**Supplied material**
☆ ☆ ☆ ☆ ☆

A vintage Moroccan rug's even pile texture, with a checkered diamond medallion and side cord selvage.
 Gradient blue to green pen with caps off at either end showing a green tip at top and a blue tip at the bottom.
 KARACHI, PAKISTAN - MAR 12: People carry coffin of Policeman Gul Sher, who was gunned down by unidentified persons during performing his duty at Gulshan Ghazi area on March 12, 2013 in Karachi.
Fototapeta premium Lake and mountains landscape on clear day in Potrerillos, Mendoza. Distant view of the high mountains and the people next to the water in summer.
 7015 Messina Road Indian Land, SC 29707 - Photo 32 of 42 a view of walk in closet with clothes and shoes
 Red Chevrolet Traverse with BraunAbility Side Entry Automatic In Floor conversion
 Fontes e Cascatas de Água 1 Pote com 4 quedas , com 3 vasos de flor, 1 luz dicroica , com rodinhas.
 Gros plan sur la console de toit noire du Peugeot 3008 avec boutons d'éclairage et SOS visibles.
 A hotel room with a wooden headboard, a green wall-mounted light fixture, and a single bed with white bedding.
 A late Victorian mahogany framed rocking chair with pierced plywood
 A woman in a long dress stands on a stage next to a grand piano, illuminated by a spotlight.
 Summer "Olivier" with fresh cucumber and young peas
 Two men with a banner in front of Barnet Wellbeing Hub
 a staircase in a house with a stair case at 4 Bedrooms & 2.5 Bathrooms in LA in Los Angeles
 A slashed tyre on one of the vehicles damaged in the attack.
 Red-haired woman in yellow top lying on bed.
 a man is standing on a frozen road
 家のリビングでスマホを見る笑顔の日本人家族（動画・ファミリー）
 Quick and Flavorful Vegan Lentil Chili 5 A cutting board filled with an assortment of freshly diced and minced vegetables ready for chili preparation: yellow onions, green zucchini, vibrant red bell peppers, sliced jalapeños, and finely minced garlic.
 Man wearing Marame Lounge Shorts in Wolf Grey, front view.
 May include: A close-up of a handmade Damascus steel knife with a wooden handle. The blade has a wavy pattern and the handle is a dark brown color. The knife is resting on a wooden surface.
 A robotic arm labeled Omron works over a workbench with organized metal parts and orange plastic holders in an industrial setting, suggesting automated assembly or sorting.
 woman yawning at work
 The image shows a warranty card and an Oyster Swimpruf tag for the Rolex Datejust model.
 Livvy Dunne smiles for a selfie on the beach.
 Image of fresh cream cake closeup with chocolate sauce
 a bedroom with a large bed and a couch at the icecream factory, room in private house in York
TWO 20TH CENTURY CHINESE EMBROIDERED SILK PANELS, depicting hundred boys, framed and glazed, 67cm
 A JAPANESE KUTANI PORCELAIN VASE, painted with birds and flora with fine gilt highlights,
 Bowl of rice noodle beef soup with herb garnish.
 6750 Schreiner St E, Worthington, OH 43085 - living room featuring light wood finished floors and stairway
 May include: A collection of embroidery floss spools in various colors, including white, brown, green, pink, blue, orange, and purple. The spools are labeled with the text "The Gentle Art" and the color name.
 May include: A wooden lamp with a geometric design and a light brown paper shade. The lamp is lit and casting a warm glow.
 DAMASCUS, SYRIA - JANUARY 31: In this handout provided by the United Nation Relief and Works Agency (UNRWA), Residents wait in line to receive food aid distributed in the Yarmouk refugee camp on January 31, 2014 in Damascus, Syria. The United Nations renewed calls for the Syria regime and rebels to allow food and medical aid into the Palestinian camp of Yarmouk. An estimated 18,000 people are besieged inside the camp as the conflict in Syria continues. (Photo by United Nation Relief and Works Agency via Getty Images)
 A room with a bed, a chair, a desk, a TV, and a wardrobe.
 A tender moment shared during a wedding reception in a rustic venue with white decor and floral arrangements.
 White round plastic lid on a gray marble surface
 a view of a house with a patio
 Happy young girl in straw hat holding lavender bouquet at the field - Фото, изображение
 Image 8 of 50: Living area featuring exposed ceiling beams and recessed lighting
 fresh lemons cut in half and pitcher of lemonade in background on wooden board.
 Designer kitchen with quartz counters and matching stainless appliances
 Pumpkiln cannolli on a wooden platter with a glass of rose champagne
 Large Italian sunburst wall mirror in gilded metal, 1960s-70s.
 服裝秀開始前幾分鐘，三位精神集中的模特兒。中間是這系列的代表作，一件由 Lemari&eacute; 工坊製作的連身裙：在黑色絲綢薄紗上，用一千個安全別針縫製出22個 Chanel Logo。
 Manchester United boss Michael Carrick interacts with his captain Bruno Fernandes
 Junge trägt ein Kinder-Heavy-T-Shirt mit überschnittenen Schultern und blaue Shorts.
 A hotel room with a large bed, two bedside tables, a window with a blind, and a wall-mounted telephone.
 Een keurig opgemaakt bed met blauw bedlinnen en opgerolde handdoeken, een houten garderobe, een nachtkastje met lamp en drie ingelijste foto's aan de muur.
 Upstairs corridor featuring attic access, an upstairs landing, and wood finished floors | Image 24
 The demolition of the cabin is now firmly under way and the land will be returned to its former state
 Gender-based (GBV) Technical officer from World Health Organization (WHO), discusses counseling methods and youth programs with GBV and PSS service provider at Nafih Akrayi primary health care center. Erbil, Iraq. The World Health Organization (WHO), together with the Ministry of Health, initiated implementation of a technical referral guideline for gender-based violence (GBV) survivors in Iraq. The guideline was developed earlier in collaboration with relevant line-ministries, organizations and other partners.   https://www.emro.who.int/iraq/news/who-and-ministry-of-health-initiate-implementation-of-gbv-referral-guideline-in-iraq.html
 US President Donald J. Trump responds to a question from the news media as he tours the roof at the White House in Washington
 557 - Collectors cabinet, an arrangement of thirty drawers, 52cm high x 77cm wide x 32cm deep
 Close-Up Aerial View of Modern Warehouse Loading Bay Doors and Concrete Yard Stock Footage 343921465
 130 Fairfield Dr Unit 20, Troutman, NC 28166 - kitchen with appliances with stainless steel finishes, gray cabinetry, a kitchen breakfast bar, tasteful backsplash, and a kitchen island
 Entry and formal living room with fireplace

☆ ☆ ☆ ☆ ☆

**Exercise details**
In the entries above, find the line with "Red Chevrolet Traverse" and the line with "and young peas", then restate word for word both of them and every line between, with nothing more.

**Output below**
 Red Chevrolet Traverse with BraunAbility Side Entry Automatic In Floor conversion
 Fontes e Cascatas de Água 1 Pote com 4 quedas , com 3 vasos de flor, 1 luz dicroica , com rodinhas.
 Gros plan sur la console de toit noire du Peugeot 3008 avec boutons d'éclairage et SOS visibles.
 A hotel room with a wooden headboard, a green wall-mounted light fixture, and a single bed with white bedding.
 A late Victorian mahogany framed rocking chair with pierced plywood
 A woman in a long dress stands on a stage next to a grand piano, illuminated by a spotlight.
 Summer "Olivier" with fresh cucumber and young peas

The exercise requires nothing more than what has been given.